• WHAT THE TASK ASKS
Copy the data below exactly. Any pictures in it should be omitted.

• DATA SEGMENT
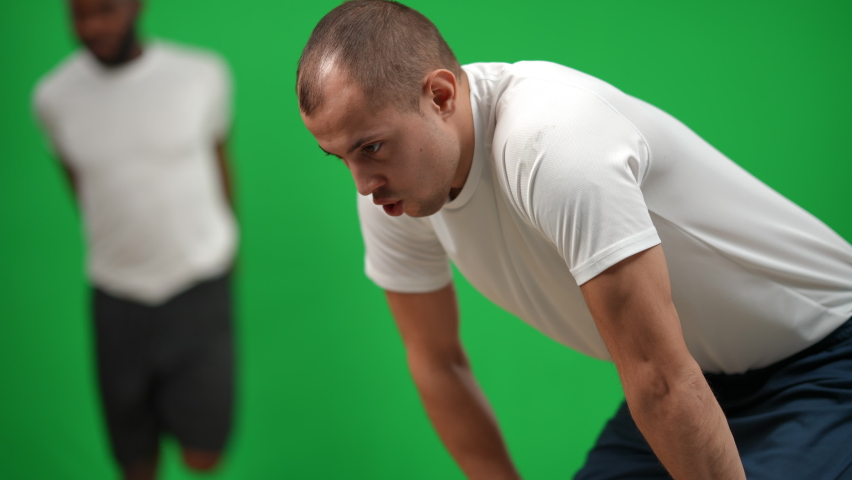Tired Caucasian sportsman resting as blurred African American man warming up at background. Multiethnic sports team of football players at chromakey green screen background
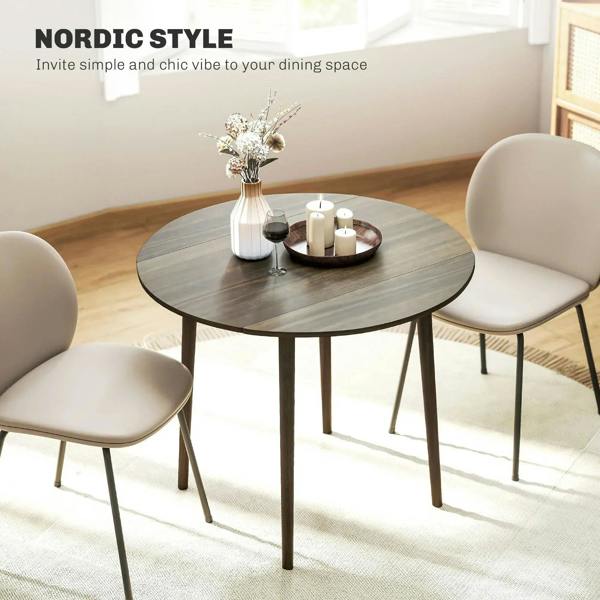 Grey round drop-leaf dining table with wood legs, minimalist Nordic dining setup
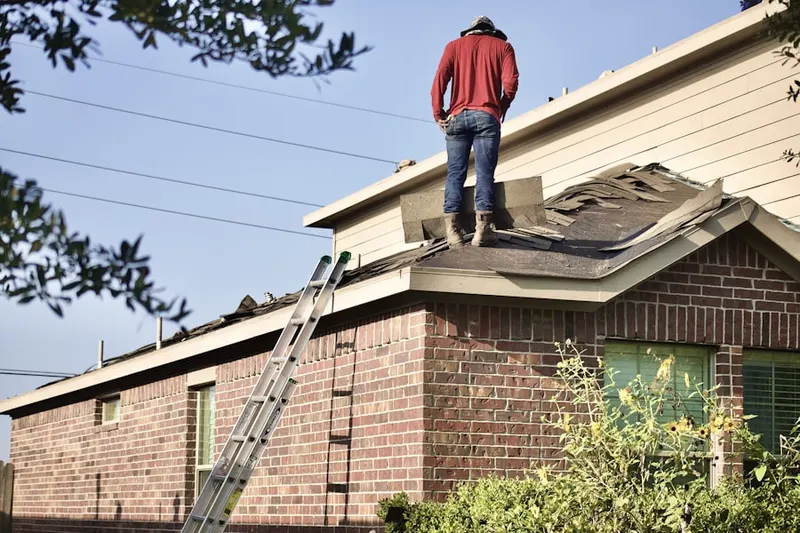 Professional roofer working on a residential roof in Upper Brookville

• FINISHED TASK
Tired Caucasian sportsman resting as blurred African American man warming up at background. Multiethnic sports team of football players at chromakey green screen background
 Grey round drop-leaf dining table with wood legs, minimalist Nordic dining setup
 Professional roofer working on a residential roof in Upper Brookville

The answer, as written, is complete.